The panel comes after someone wrote a racist threat in a resident hall’s bathroom on Sept. 23, which happened a little more than a week after somebody called the police on a black employee walking to work in the morning. The incidents and the university’s response to them have sparked protest on campus, where hundreds demonstrated outside the Whitmore Administration Building and the Student Union on Thursday.
In an email message on Thursday, university Chancellor Kumble Subbaswamy sought to assure the campus community that university police are investigating the racist graffiti found in Melville Hall.

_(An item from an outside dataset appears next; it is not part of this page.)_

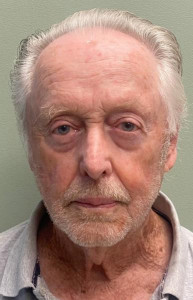 Dorris Edwin Matthews a registered Sex Offender of Alabama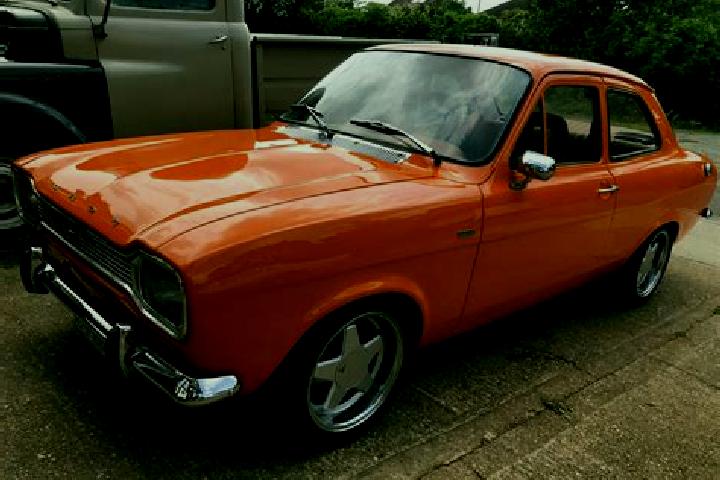 escort Nanhe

“I share the frustration and anger that many of you are experiencing as we continue to confront prejudice and racism,” Subbaswamy said. “We are fully committed to ensuring a safe and welcoming environment for every member of our campus community where we openly confront the challenges before us.”
But some students and faculty have voiced frustration with the administration’s response.
“The lack of support and action from the administration is unacceptable and we demand steps to be taken to create an anti racist campus,” the Graduate Employee Organization, the graduate student union, wrote on Facebook.
One Melville resident, Savannah Hart, wrote critically on Facebook about the fact that the university initially called the graffiti threat a "biased incident" instead of "racist," and that residents were told not to speak to the media about the situation.
“My floor being one of the only (if not THE only) floors that is predominately of color feels targeted, unsafe, hurt, and outraged,” Hart wrote of the incident.
It was in that context that students took to campus Thursday to protest.
“We want, we demand transparency, from the UMass administration,” junior math major Nuha Futa, co-president of the university’s Amnesty International chapter, said in an interview. Futa and her organization helped organize the protests. Futa said demonstrators want to see the university address demands that Melville residents have made.
Some of those demands include mandatory meetings in each dorm about racist hate speech, a plan of action to create an anti-racist campus, online training for incoming students and more transparency from the administration.
Futa said that she and other students took issue with the fact that only residents of Melville hall were initially informed of the threatening, racist graffiti.
Subbaswamy, in his email after Thursday’s protest, said that the university’s initial focus “was on the community most directly affected.”
“To that end, a notice was sent to the residence hall, a meeting for residents was held and, as is our usual practice, the public-facing [University of Massachusetts Police Department] crime log was updated,” Subbaswamy wrote. “At the time, I made the conscious decision not to amplify the hateful speech and play into the hands of the hate-monger by sharing news of this incident more widely.”
Subbaswamy also mentioned several ongoing campus climate initiatives, including grants available to create relationship-building projects. He directed students to learn more on the university’s website, saying that UMass Amherst will “redouble our efforts to make you aware of these many opportunities.”
But those initiatives don’t seem to have placated those wanting larger changes on campus.
“We won’t take it sitting down, we’re mobilizing," Futa said Monday. “We really just want to make sure that the school is held accountable and implements change that really will change the climate for a lot of us on campus … This should be a campus for everybody.”
On Tuesday at 5 p.m., faculty and students from the university’s Afro-American Studies department will hold a panel titled “The Problem of the Color Line: A Discussion of Racism and Racial Profiling on Campus.”
In a description of the event, its sponsors say the panel is meant to be a thoughtful and intelligent discussion of “how and why we got here.”
“They will offer brief reflections from various disciplines, focused on race and racism in the United States,” the description reads. “This Teach-In will provide the critical context we need to understand the troubled past and envision higher expectations of our community.”
The event will take place in the Cape Cod Lounge of the Student Union.